I've only just started paying attention to the fact that there's a total solar eclipse in the United States on 21 August this year. What made me really take notice were the imaginative, amusing and bizarre maps people have been posting online - all good fun and often pretty interesting too. What seems to me to be missing - and absolutely essential, of course - is an animated eclipse gif showing the path of totality, towns and cities, a bit of terrain and some roads. So, I grabbed the geodata from NASA and spent a couple of hours playing around with it to make this thing you see below. This is an extract of the full file, in gif format. The full gif is over 100MB, so I've created a video file instead for the final file at the end of this post, below - and also posted on twitter. Click an image to see it in full size.
|Nashville looks like the place to be
I also extracted a series of animations covering the whole US, in separate parts, so that the whole of the path of totality has been giffed, as it were. These are pretty big files and if I add them all here not only will it may crash your browser but it will also probably be a bit too bamboozling with all the animations going on at one time. Here's part 1 and part 2 below. The rest I'll keep to myself for now.
|Part 1 - at 50 frames per second
|Part 2 - also at 50fps
I just did this out of curiosity and to learn a bit more about the event. I thought it would be interesting to see for myself where the eclipse will go. I remember here in the UK back in 1999 when we had a total eclipse, but I didn't manage to get down to Cornwall to see it properly. Just take a look at this video to see how long ago this now seems. I was in Glasgow at the time and although it didn't get fully dark it was pretty interesting and the birds were very confused.
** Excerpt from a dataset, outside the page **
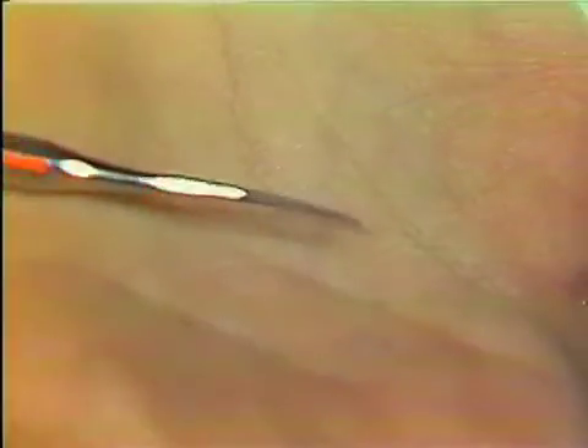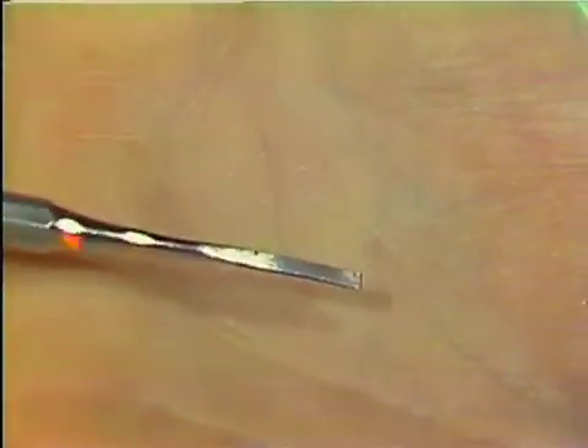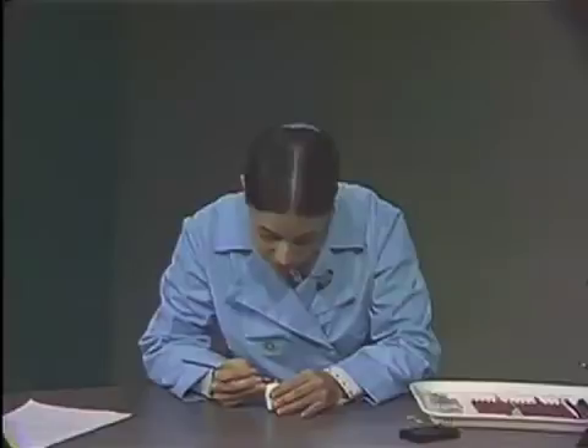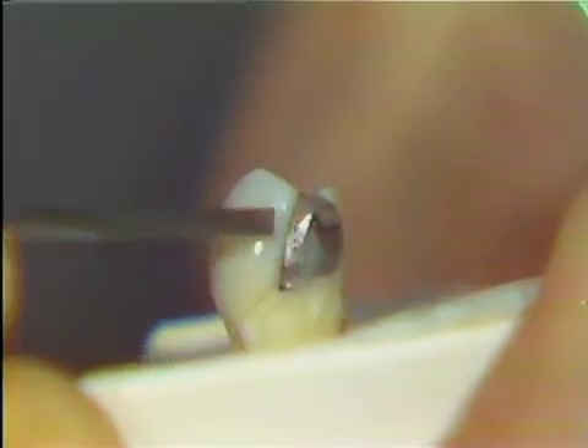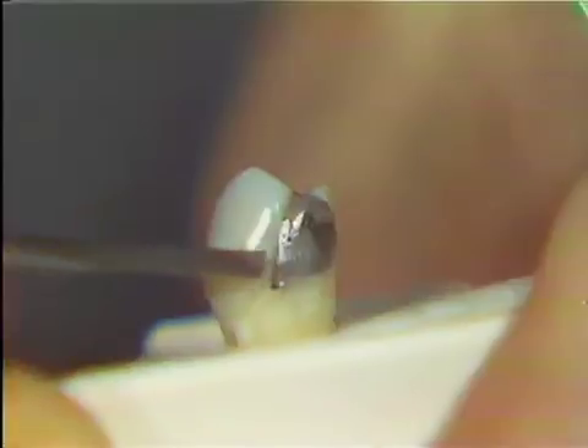Take a look at this instrument — it's a chisel, with a rather long, flat blade. This instrument is used with a push stroke, unlike your scalers or your Rhein trimmer, which need a pull stroke to be effective. Now let's move to the amalgam, and I'll demonstrate how it is used. You can see that I'm pushing against the margin of the amalgam restoration. Amalgam is being removed, but the margins are being smoothed.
Also, if I didn't do an eclipse map now I might never remember again. The next total eclipse in the UK isn't until 2090 and I just get the feeling I won't be on here making animated gifs of it then.
Notes: mapping software was QGIS 2.14, using the Atlas function to extract the frames for the gif. I used the NASA shapefiles to show where the path of totality and centre line are. I added some place names, roads and US boundary and state lines from Natural Earth and I also added an ESRI shaded relief base layer to give more of sense of the underlying physical geography. I patched the gif together in GIMP and animated the movement of the sun across the land using the vertices of the eclipse centre line. I've added a little glowing corona round the black dot, which is of course supposed to represent the sun.
There were about 1800 points in the original NASA eclipse path file so I used every second one to generate the animation because it still creates a reasonably smooth image. For a proper set of scientific maps, I suggest you check out the NASA Total Eclipse pages, as they are full of great information and maps. They also have an animated gif.